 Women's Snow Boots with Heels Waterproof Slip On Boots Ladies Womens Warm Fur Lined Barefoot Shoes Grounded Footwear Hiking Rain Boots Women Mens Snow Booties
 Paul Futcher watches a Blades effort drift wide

...

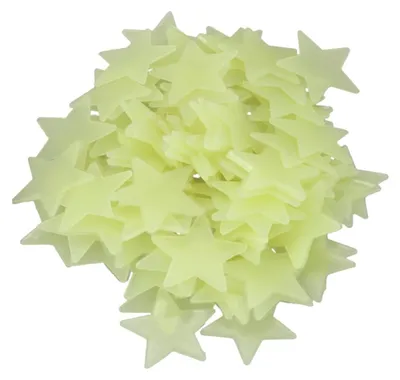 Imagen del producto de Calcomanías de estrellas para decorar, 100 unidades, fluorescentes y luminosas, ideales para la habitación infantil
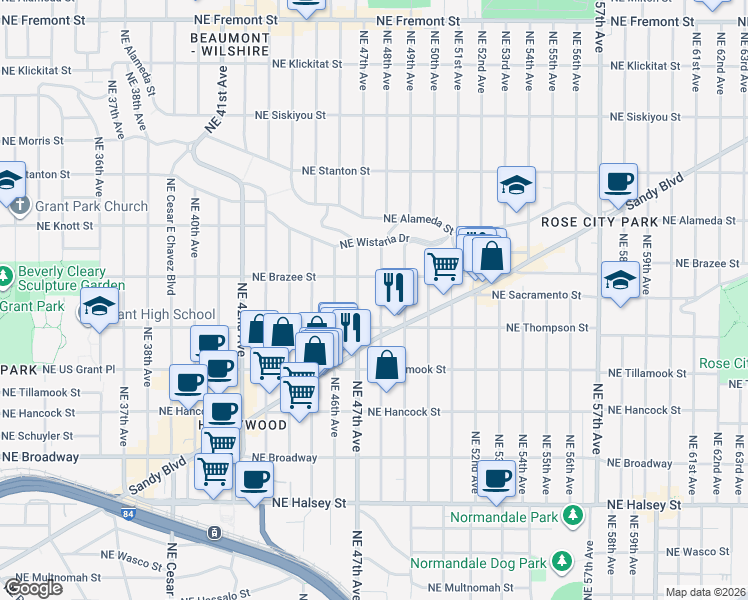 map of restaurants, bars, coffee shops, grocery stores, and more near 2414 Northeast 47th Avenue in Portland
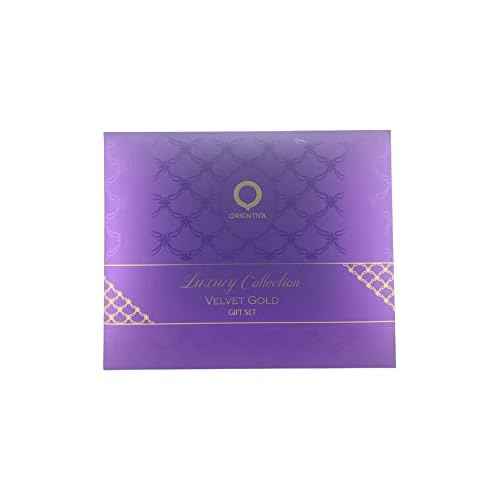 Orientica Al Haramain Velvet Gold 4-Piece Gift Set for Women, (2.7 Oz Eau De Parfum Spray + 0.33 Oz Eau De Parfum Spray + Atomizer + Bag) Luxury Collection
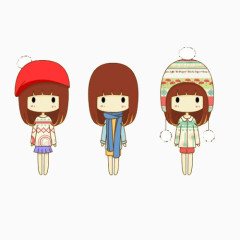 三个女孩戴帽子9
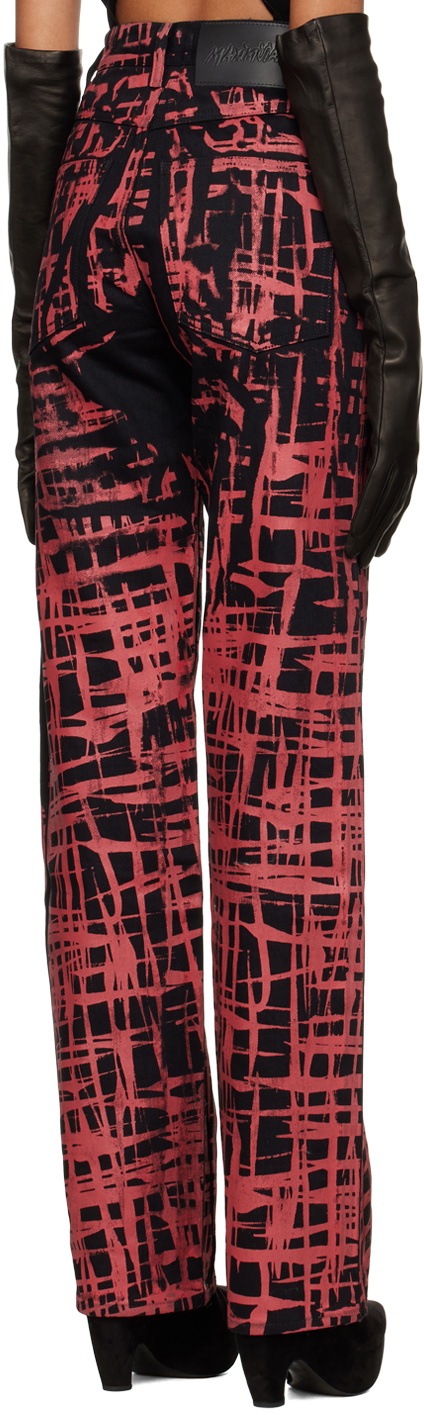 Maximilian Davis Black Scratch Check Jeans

...

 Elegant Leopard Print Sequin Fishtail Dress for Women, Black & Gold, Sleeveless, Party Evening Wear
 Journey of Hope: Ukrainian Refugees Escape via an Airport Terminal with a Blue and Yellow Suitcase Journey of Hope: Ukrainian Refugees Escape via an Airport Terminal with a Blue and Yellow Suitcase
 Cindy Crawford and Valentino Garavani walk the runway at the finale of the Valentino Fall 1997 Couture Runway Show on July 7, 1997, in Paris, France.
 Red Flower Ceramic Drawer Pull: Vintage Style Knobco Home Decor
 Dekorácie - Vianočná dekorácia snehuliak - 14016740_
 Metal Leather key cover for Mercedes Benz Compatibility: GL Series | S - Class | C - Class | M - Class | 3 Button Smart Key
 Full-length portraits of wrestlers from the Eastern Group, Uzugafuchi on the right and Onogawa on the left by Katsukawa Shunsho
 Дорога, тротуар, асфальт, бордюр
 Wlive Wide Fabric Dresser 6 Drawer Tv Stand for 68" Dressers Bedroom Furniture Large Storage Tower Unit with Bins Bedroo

— Description of the task —
Within the records, how many lines include "Drawer"? The answer is the number and nothing else.

— Task answer —
2